By Bruce Clay

If you use a hosted e-commerce site, you want to make sure you employ SEO techniques to get noticed. Many service providers make it easy for people use to set up an e-commerce storefront quickly. Online options for proprietors range from joining an online marketplace (like Etsy for retailers and Fiverr for those offering creative services) to building your own website.

You can run your online storefront on your own domain; some e-commerce platforms offer store owners design templates, easy wizards for inputting products, and functionality to accept credit card, debit card, and PayPal payments. These e-commerce content management systems come in two flavors: hosted and self-hosted. With a self-hosted e-commerce platform, you get software to build and manage your site, but you have to get your own web host. One popular self-hosted e-commerce CMS is Magento.

What you should know about SEO considerations of a hosted e-commerce solution (which means that the same company that you use to create and manage your website also hosts it) is a little different. The biggest difference affecting your SEO campaign if you’re using what’s sometimes called an e-commerce service system is a loss of flexibility — you’re limited to the constraints of the shopping cart software and the provided hosting.

On the upside, a hosted e-commerce platform is an attractive solution for small and mid-sized retailers because it gives you just one vendor to turn to for all website support. Hosted e-commerce platforms include Yahoo Small Business, Shopify, Squarespace, and Wix.

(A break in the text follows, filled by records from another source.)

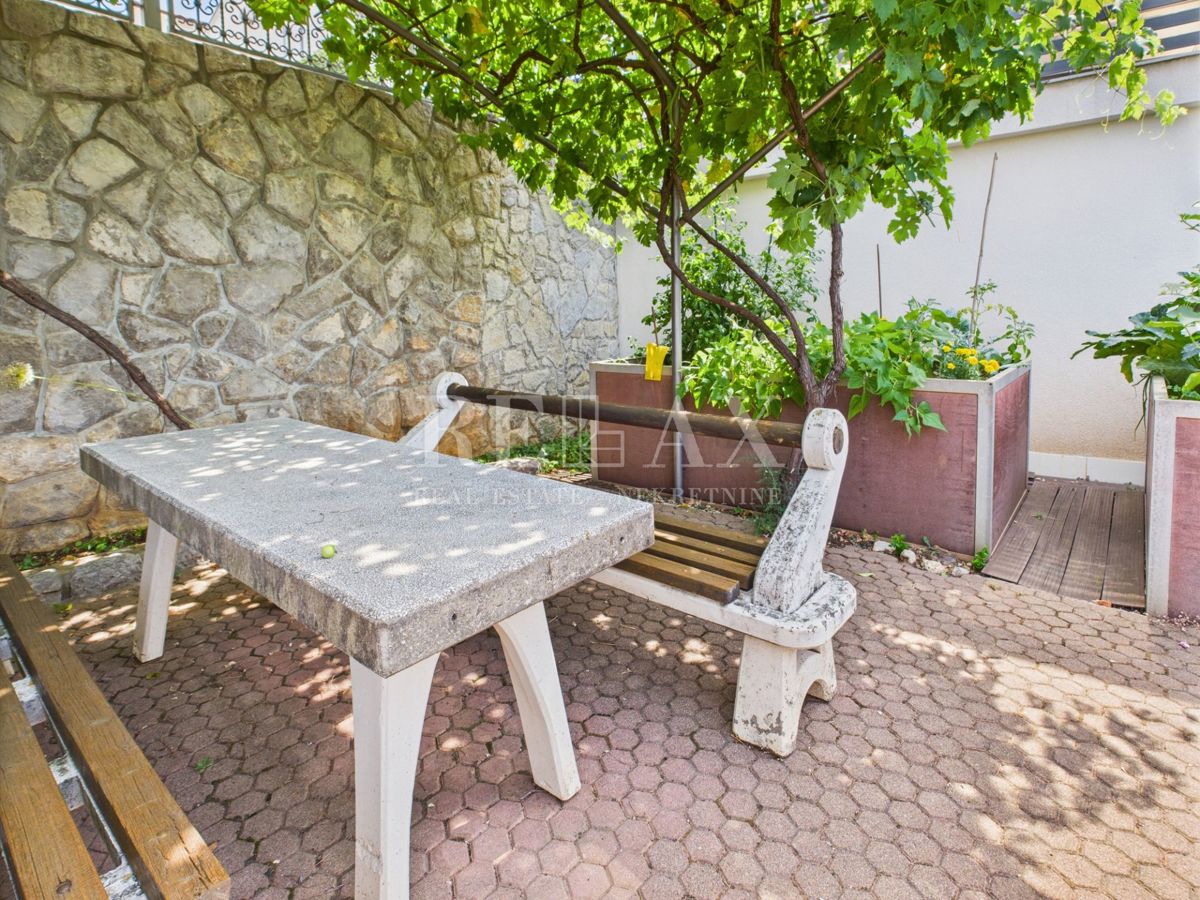 Crikvenica - prostorna hiša z urejenim vrtom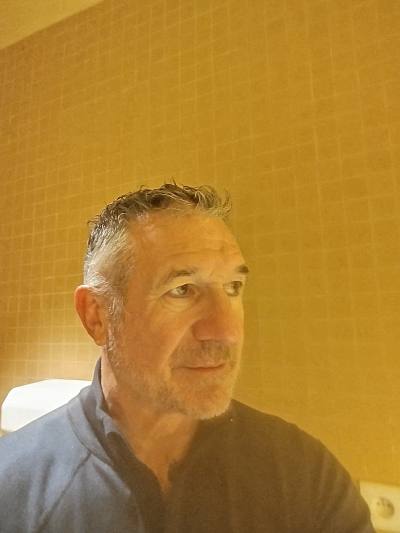 Yann 57 ปี Bormes Les Mimosas France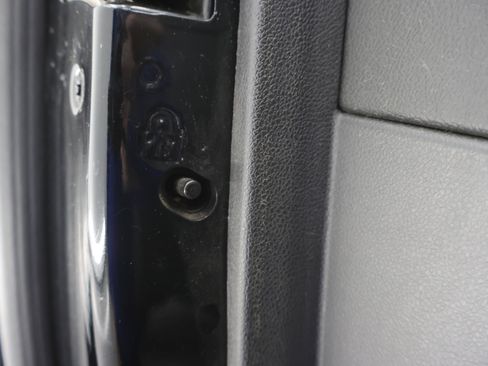 Used 2024 Chevrolet Silverado 2500 LT w/ Midnight Edition image 42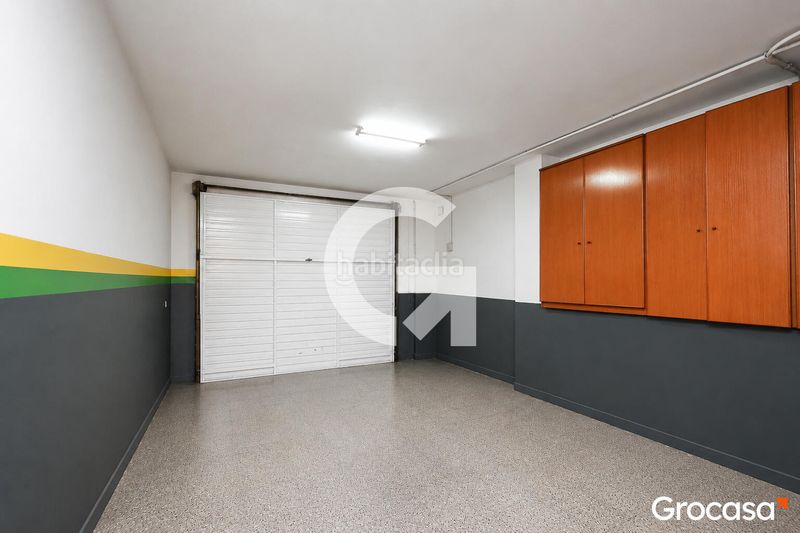 Foto b4ec2b78-f2f7-4519-814f-6ed910395c86. Casa adossada amb calefacció aparcament a Horta Barcelona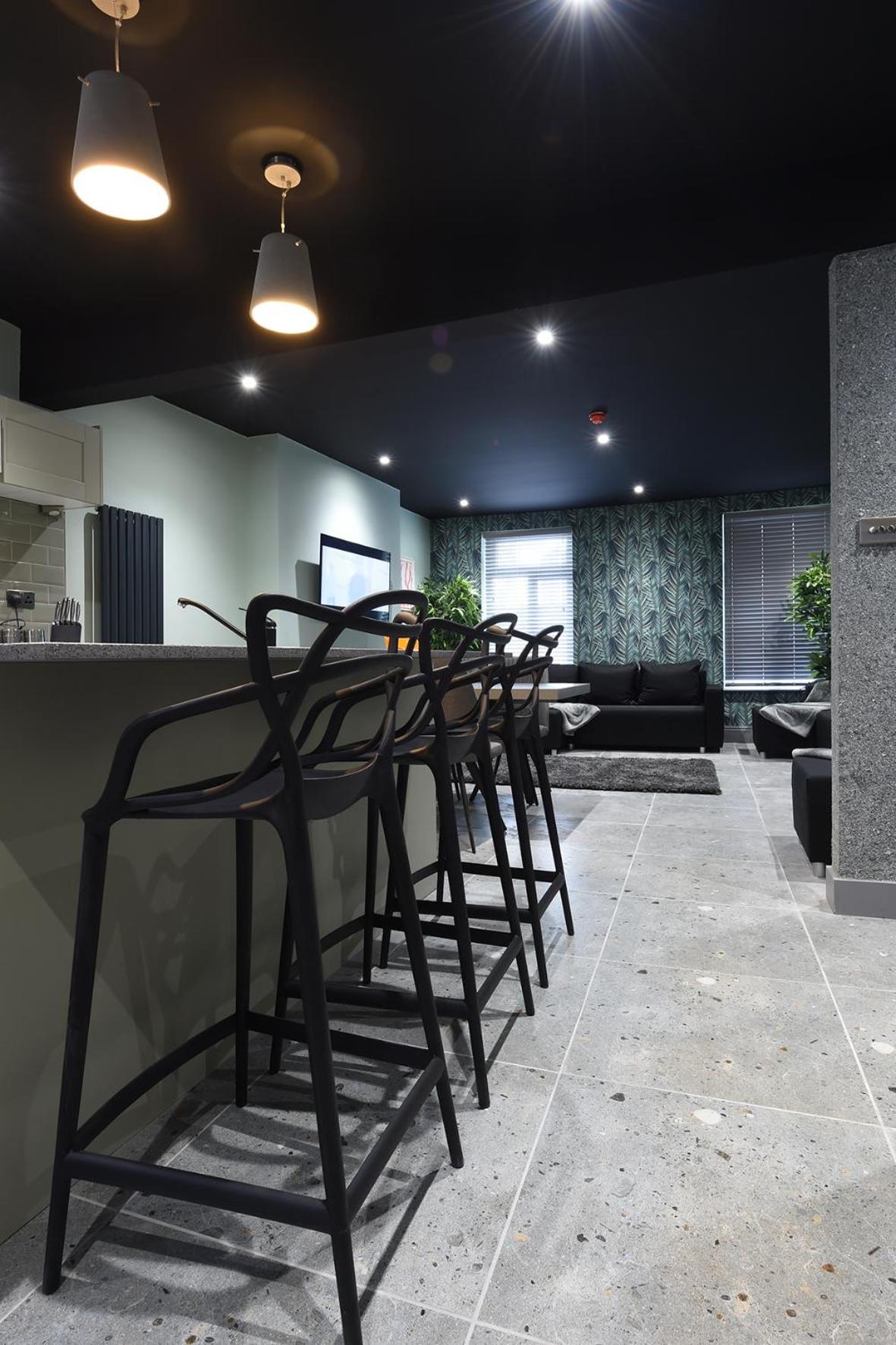 Three-Bedroom Apartment - Photo 8
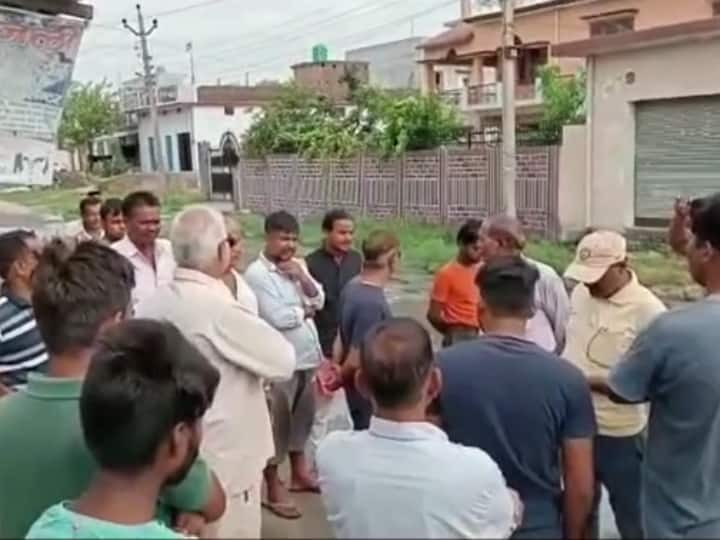 Khatima News Poor condition of the Raiway Crossing road Villagers warned of agitation ANN Khatima News: खटीमा में रोड की खस्ता हालत के बाद ग्रामीणों का गुस्सा फूटा, मरम्मत न होने पर आंदोलन की दी चेतावनी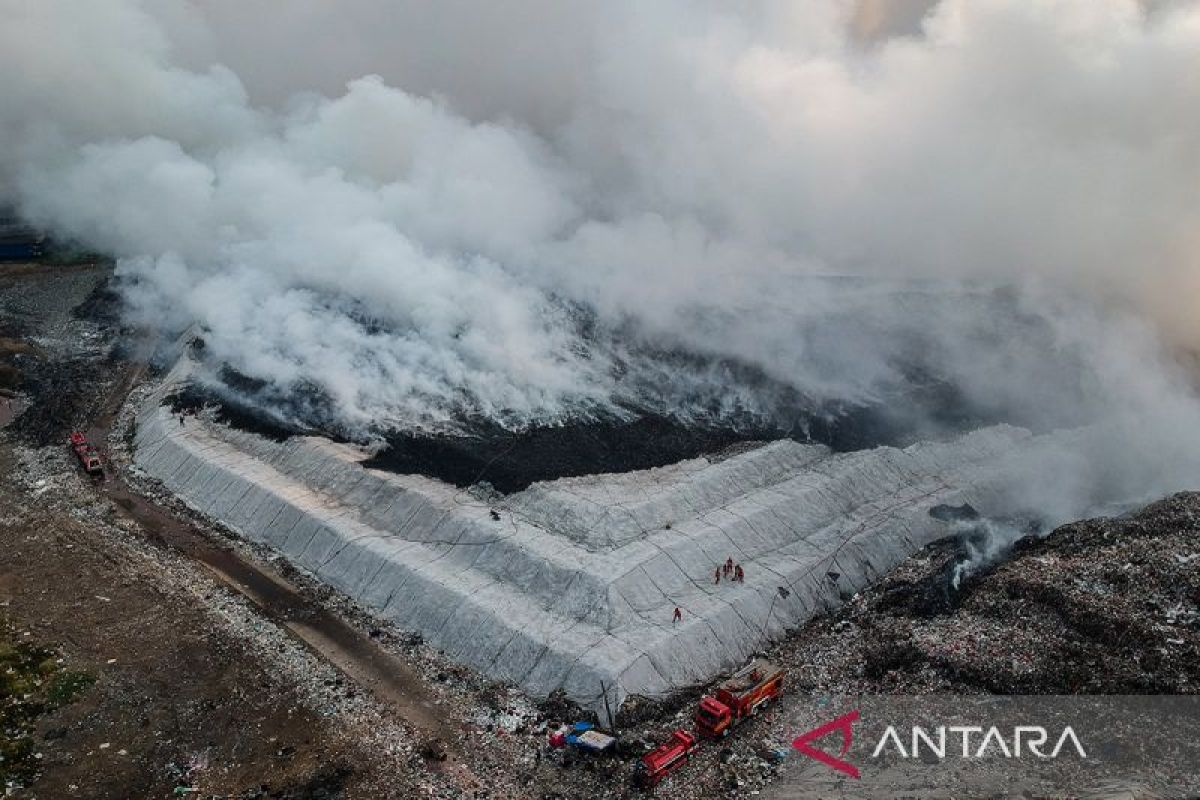 Kebakaran TPA Jatiwaringin Meluas ke 15 Hektare, Pemkab Tangerang Naikkan Status Jadi Tanggap Darurat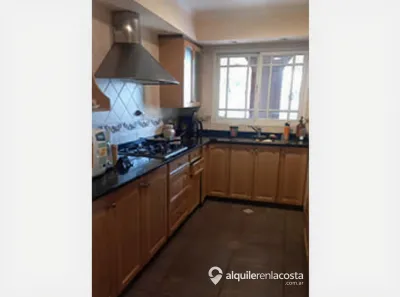 Casa con patio y parrilla a 250 metros del mar en Santa Teresita foto 5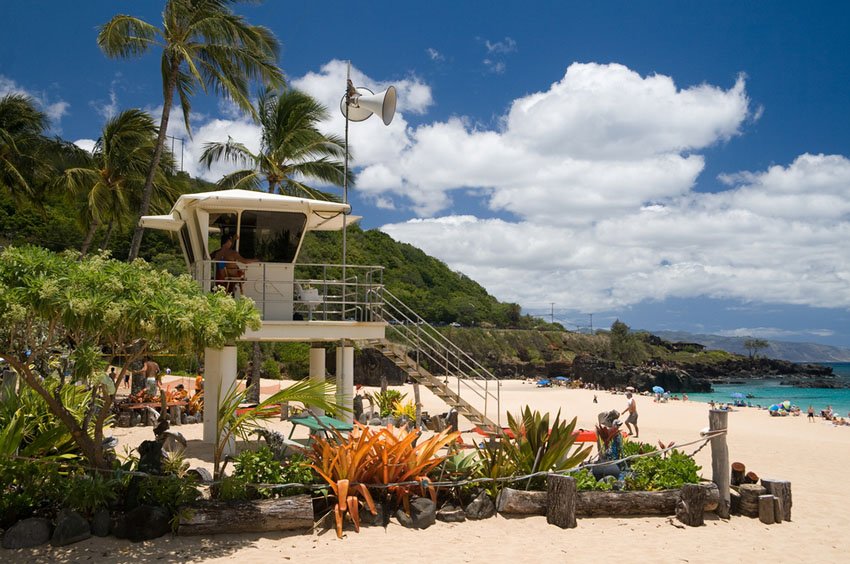 Lifeguard tower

If you’ve got a site built with a hosted e-commerce service, read on: The tips below show you how to get the most SEO value out of your hosted online store.

It is possible to make a hosted store rank highly for certain keywords. You can modify things, such as the look of the site, the domain name, and some of the important page elements. When you’re researching hosted e-commerce solutions, check to see whether you have control over as many of the following as possible:

  • Domain name: If you want your store to rank in the search engines, you should use your own domain. Register a good domain name and then set up your store using the platform’s provided domain settings.

  • Title tags: Because the Title tag is a key indicator to the search engines of what your page is about, you want the ability to customize what shows up in your Title tags so that they are each unique, have an appropriate length, and contain the keywords you’re trying to rank for in the search engines. A good hosted e-commerce solution lets you edit your Title tags individually and manually.

  • Meta tags: A hosted platform may create Meta description and Meta keywords tags by default. You’ll want the ability to modify them as needed.

  • Custom URLs: Being able to control the URLs to include keywords, make sure that they’re not too long, and support your themed architecture is important for SEO.

  • Organization of products by category: For siloing (a way of organizing your content into themes through site architecture and linking), you want to be able to separate products into categories.

  • 301 Redirects: You want to be able to put in place 301 Redirects, the best way to tell search engines that a page has been removed and replaced by a new page.

  • Robots text (robots.txt) file: Your robots.txt file instructs the search engine spiders which pages not to index and where to find your sitemap (a file that lists the pages in your website, linked so that spiders can easily navigate). An SEO-friendly hosted store will let you customize your robots.txt file.

  • Sitemap: An XML sitemap page that’s invisible to users but available to the search engines is critical to getting your site crawled and indexed by search engines. Check that your hosted e-commerce platform generates and links a proper sitemap.xml, listing every single URL on your site. If you choose to use a JavaScript-heavy template, the XML sitemap should allow for complete indexing of all pages.

  • Custom 404 Error page: Understand how your hosted store handles the 404 server status (the error code that means the page isn’t found) when a user tries to access a page that doesn’t exist. You want control over the content of the 404 Error page and where error pages may redirect.